There was a transcript of the show, so the pond's job in the slow Lane was done ...
Other offerings failed to stir, what with the pond anxious to get out and about and explore the Athens of the South ... (a title falsely claimed by croweaters) ...
Muslim Votes does not care about, nor represent, Muslims
Muslim Votes is a mix of the aggressive left, of opportunists, cynics, and the naive, with some undercover Liberal support in certain electorates, and idealists unaware of the strange amalgam which is this grouping.
By Jamal Rifi
Meanwhile, the ethnic cleansing goes on apace in Gaza - tremendous real estate opportunity - and the Poms finally get agitated ... about a couple of British MPs...
Then there was this ...
Dear pollies: take WFH from our cold, dead hands
I have no idea what a hybrid work-from-home model is, other than it sounds like the sort of a thing a car manufacturer would say. But the politics of work from home is like comedy.
By Jack the Insider
Columnist
That reminded the pond it had to get off this machine so that WFH could proceed apace ... quick, a relevant cartoon ...

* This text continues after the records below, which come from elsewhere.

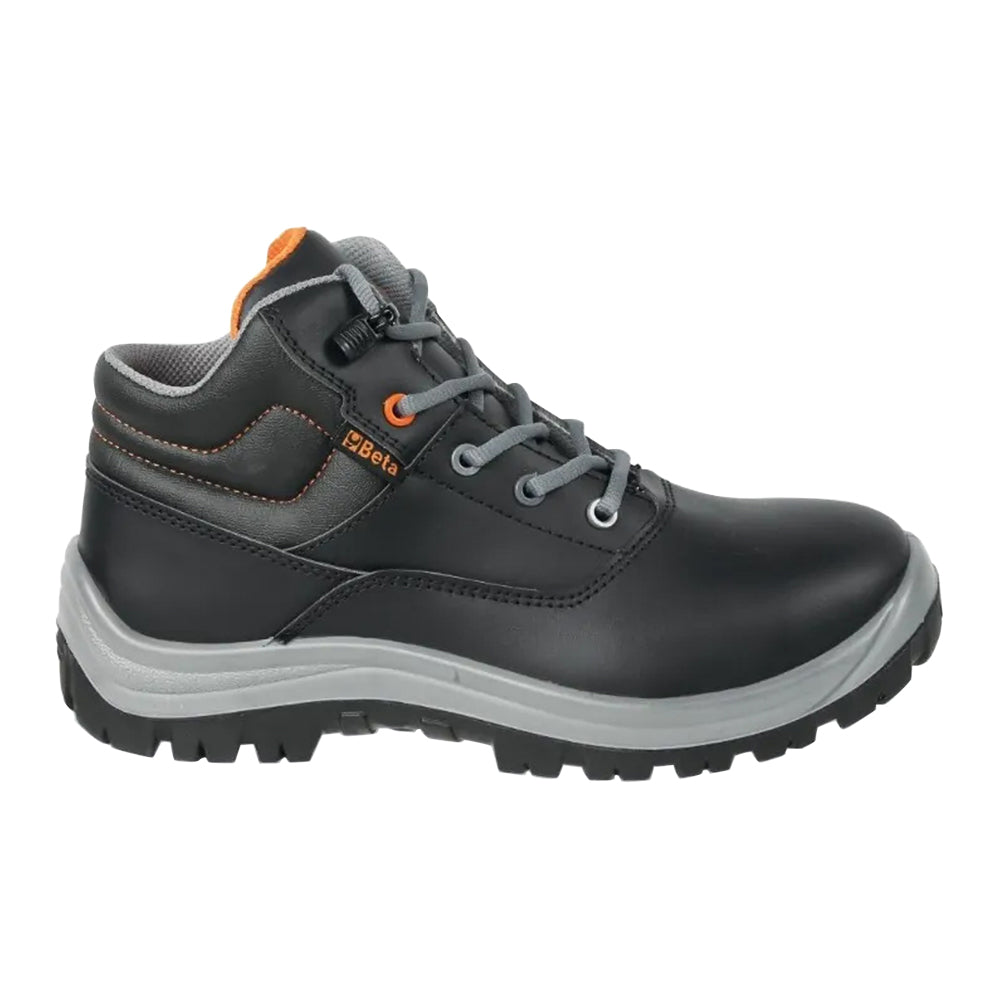 CHAUSSURES DE SÉCURITÉ '7243NC' T. 45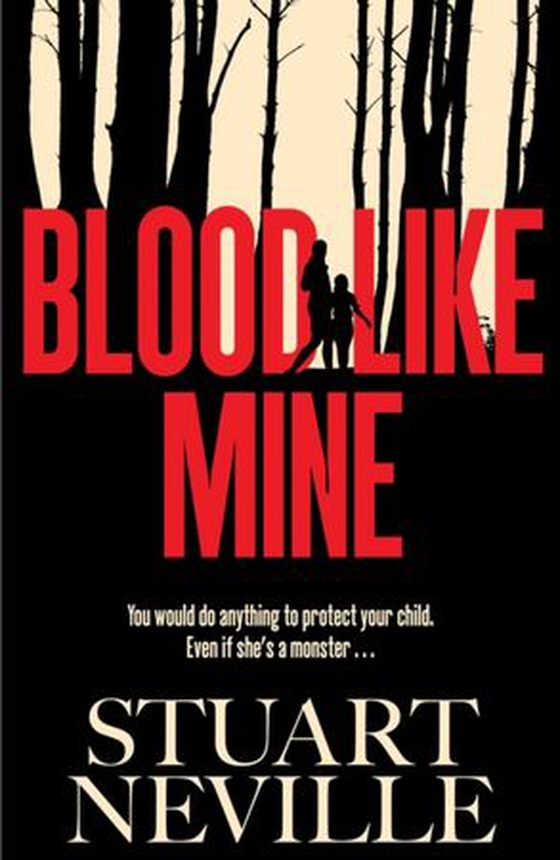 Blood Like Mine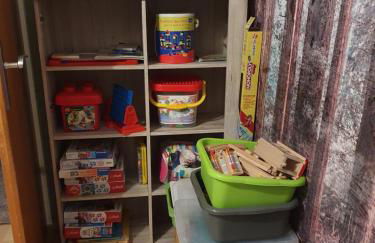 Ferienwohnung am Siegelbächle - Foto 20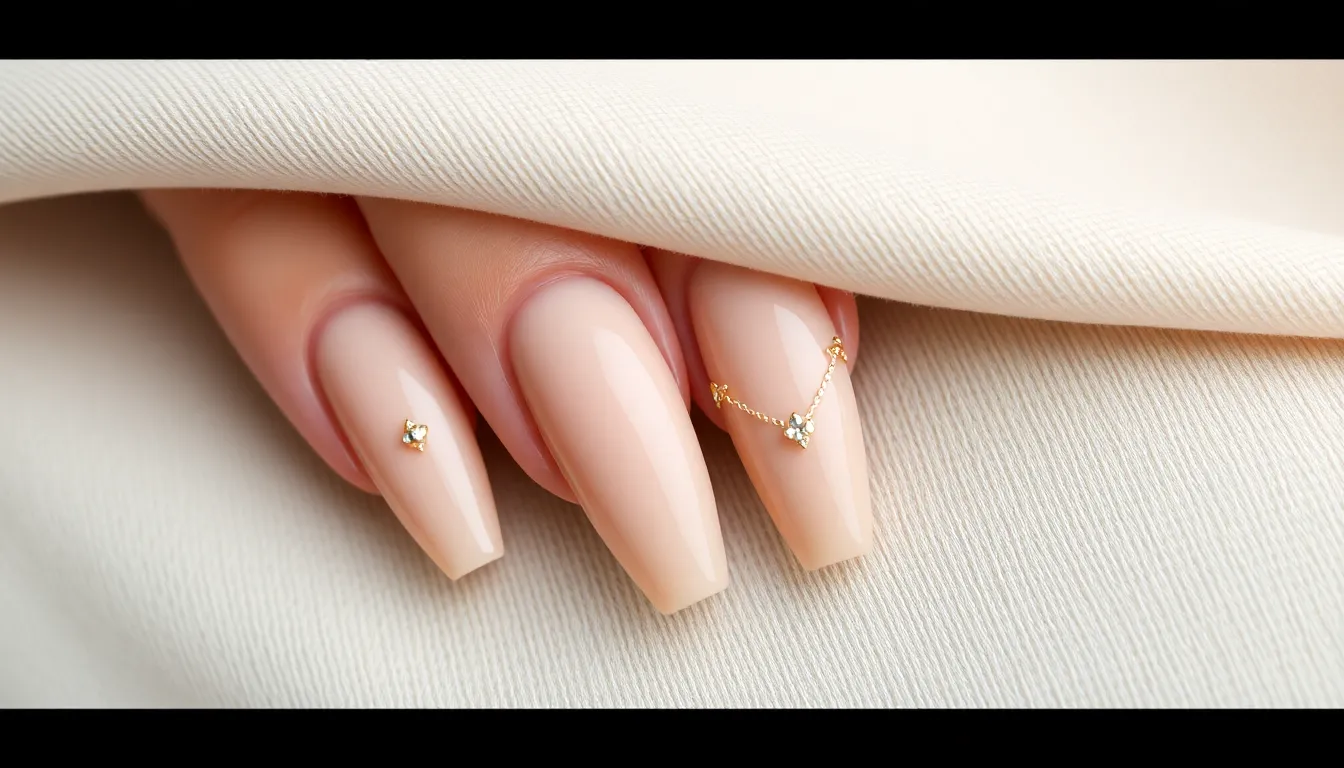 50+ Stunning Acrylic Nail Ideas Coffin Shape: Trendy Designs for 2025 16 50+ Stunning Acrylic Nail Ideas Coffin Shape: Trendy Designs for 2025 15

Pickings were so thin, such a wretched gruel, that the pond had to turn to the lizard Oz editorialist, fresh from a bout of bog standard greenie bashing ...
It was just a two minute, read or so the reptiles said ... Trade war is only getting started
US-China breakdown suggests wild ride on tariffs is far from over.
While Australia looks to friends in the US to argue our case on tariffs, we remain hostage to where the real action is taking place. This is between the US and China. As Treasury noted on Monday, if Donald Trump’s trade war persists, 80 per cent of the impact on Australia’s GDP will come from a slowdown in demand in China. Since Treasury did its pre-budget calculations, it has been all bad news on the US-China front.
As financial markets have tried to second-guess whether the US President is indulging in a high-stakes bluff, the trade war has morphed from a negotiating ploy to a full-blown diplomatic breakdown between the world’s two biggest economies. Mr Trump has doubled down on China, lifting tariffs by an additional 84 per cent, bringing the total of the tariffs imposed in his second term to 104 per cent. In what has been an escalating dispute, Mr Trump has imposed 20 per cent duties on Chinese imports in retribution for imports of the socially destructive drug fentanyl. He imposed an extra 34 per cent tariff on China as part of what was presented as a shock-and-awe global fightback.
When China said it would retaliate against his actions, Mr Trump imposed an additional 50 per cent tariff.
Unlike other nations – notably Israel, Vietnam and EU members – China has elected to hit back first rather than negotiate its position. Xi Jinping responded to the reciprocal tariff with a blanket 34 per cent tariff on all US imports as well as curbs on US access to rare-earth minerals. The language from the Chinese Communist Party leader through his economic and media bureaucracy is that China will fight to the end. On Tuesday, China’s central bank allowed the yuan to fall in value against the US dollar, offsetting some of the impact of tariffs. The state is expected to respond further with stimulus spending and direct market support for local companies. All of these measures have grave economic risks for China and point to the political pressure the tariffs represent for Mr Xi.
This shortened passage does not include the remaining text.